The Core PCE Price Index, a key measure of inflation favored by the Federal Reserve, rose by 0.1% in May, in line with expectations. The annual rate cooled to 2.6% from 2.8% in April, signaling easing price pressures. Final GDP data for Q1 showed a 1.4% expansion, consistent with expectations but a slowdown from previous quarters. Durable Goods Orders in May rose by 0.1%, surpassing forecasts, though Core Durable Goods Orders fell by 0.1%.

Consumer confidence data exceeded expectations, with the CB Consumer Confidence index at 100.4 in June, despite a decline from 101.3 in May. The Federal Reserve maintained interest rates at 5.25%-5.50% in June, with hawkish rhetoric from FOMC member Michelle Bowman indicating no rate cuts are expected this year. Market expectations for a rate cut in September are below 70%, while a November cut is fully priced in, contributing to continued forex market volatility.

This week’s key data releases include US manufacturing and services PMI, JOLTS Job Openings, unemployment claims, and the highly anticipated Non-Farm Payrolls (NFP) report on Friday, providing crucial insights into the US labor market and economic growth.

EUR

The Euro remained under pressure amid political instability in France ahead of national elections. EUR/USD traded sideways around 1.071, with support at 1.067 and resistance at 1.075. The ECB lowered its Main Refinancing Rate by 25 basis points to 4.25% in June, while inflation remains sticky, potentially slowing future rate cuts.

German business morale declined, with the IFO Business Climate index falling to 88.6 in June. Headline inflation in the Euro Area accelerated to 2.6% in May, while Core CPI rose to 2.9%, indicating persistent inflationary pressures. The Eurozone economy expanded by 0.3% in Q1, consistent with preliminary estimates but slower than previous quarters.

GBP

GBP/USD exhibited volatility last week, settling at 1.264 on Friday. Political stability hopes, fueled by expectations of a Labour Party victory in the July 4th elections, supported the sterling. The UK economy showed signs of improvement, with GDP growth of 0.7% in Q1. The BOE maintained its interest rate at 5.25% in June, with market expectations for a rate cut in September around 70%.
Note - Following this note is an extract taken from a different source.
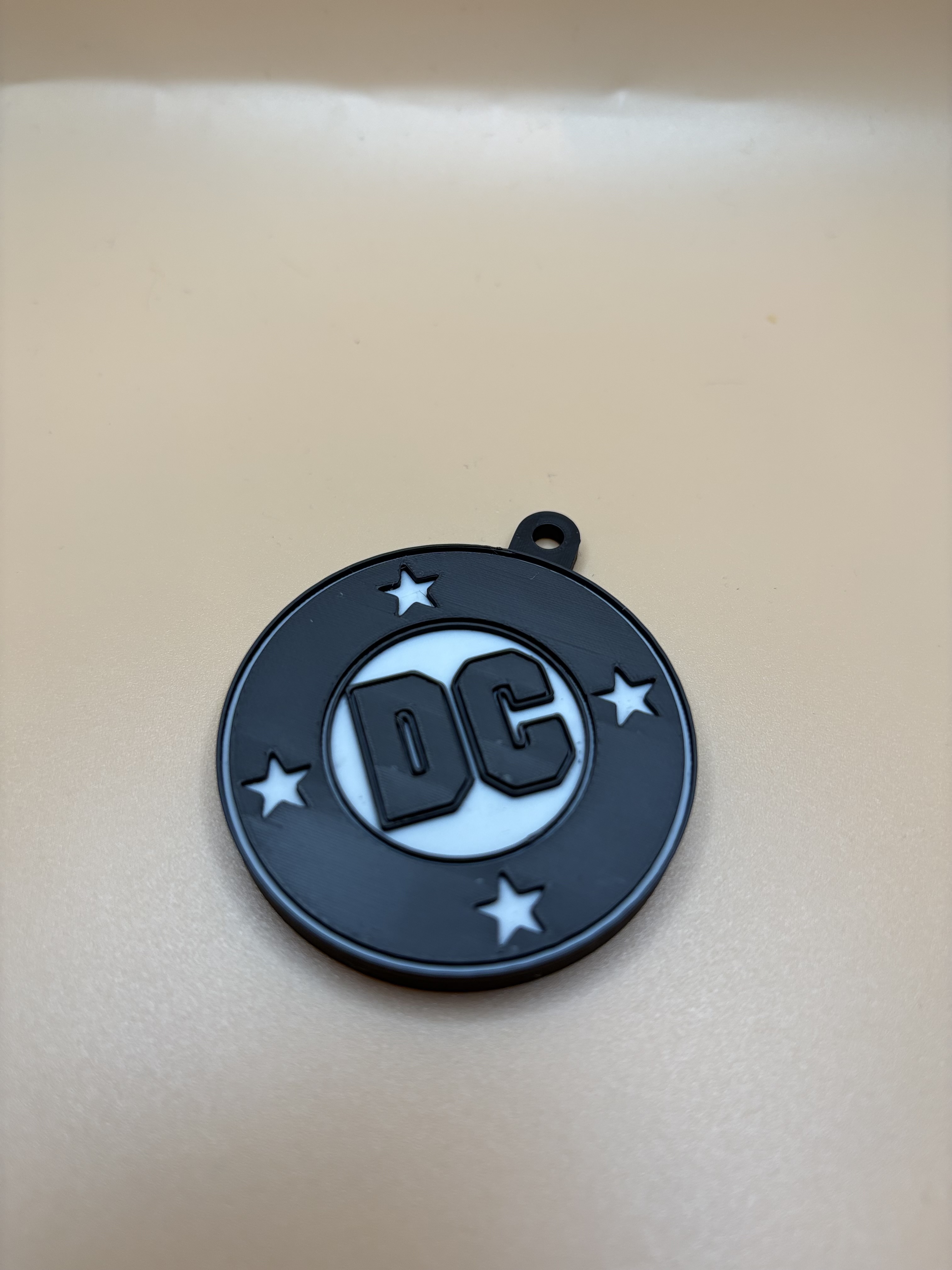 DC Comics Logo Keychain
UK inflation eased to 2.0% annually in May, aligning with BOE forecasts. Core CPI fell to 3.5%, reducing pressure on the BOE to maintain a restrictive policy. British inflation dropping to target for the first time in nearly three years signals the effectiveness of the BOE’s hawkish policy.

JPY

The Yen continued to decline, with USD/JPY rising above 161.0 before closing near 160.8. BOJ officials, including Governor Kazuo Ueda, have issued warnings against speculative short selling. The BOJ maintained its policy settings in June, with some members favoring a rate hike soon. Inflation in Japan remains weak but rising, with headline inflation at 2.5% and BOJ Core CPI at 2.1% in May.
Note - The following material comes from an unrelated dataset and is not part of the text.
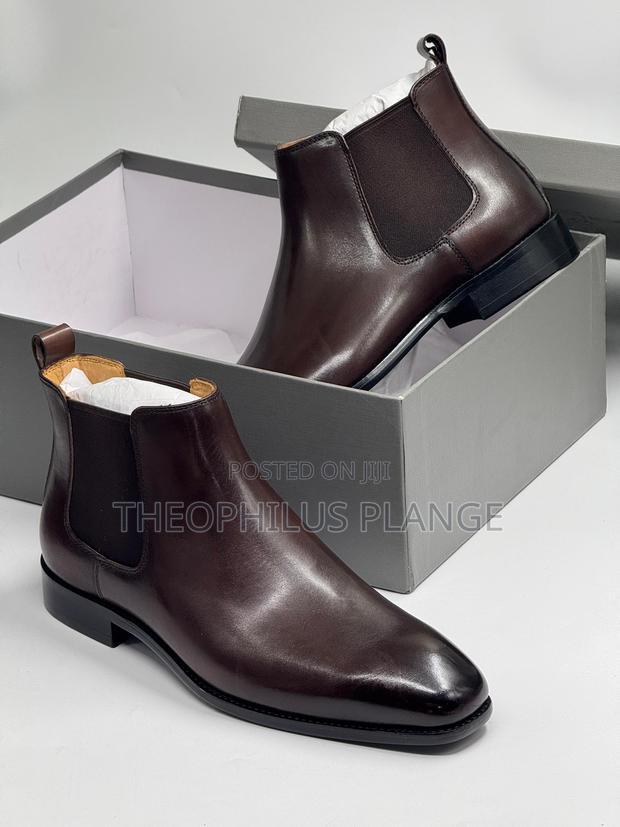 Chelsea Boots Coffee Brown · Photo 2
Japan’s economy slipped into recession in Q1, shrinking by 0.5%, limiting the odds of a BOJ hawkish pivot. Governor Ueda hinted at easing bond purchasing at the next meeting, but no specifics were provided.

Gold

Gold prices were volatile, closing near $2,330 per ounce on Friday. The dollar’s movement and central bank interest rates influence gold prices. The US Federal Reserve’s unchanged rate policy and increasing rate cut expectations boosted gold last week. Geopolitical tensions, especially in the Middle East, continue to support safe-haven demand for gold.

Oil

Oil prices edged higher, with WTI closing at $81.8 per barrel. US crude inventories showed a surprise build, putting pressure on prices. Geopolitical risks and seasonal demand support oil prices. The US Federal Reserve’s interest rate policy and OPEC+ decisions on production cuts also impact the market.

Bitcoin and Major Cryptocurrencies

Crypto markets faced pressure, with the global market cap dropping to $2.28 trillion. Bitcoin reclaimed the $62,000 level, while Ethereum traded around $3,430. Central bank interest rates and geopolitical tensions in the Middle East influence crypto market volatility. The US Fed’s unchanged interest rate policy and expectations of rate cuts also play a significant role.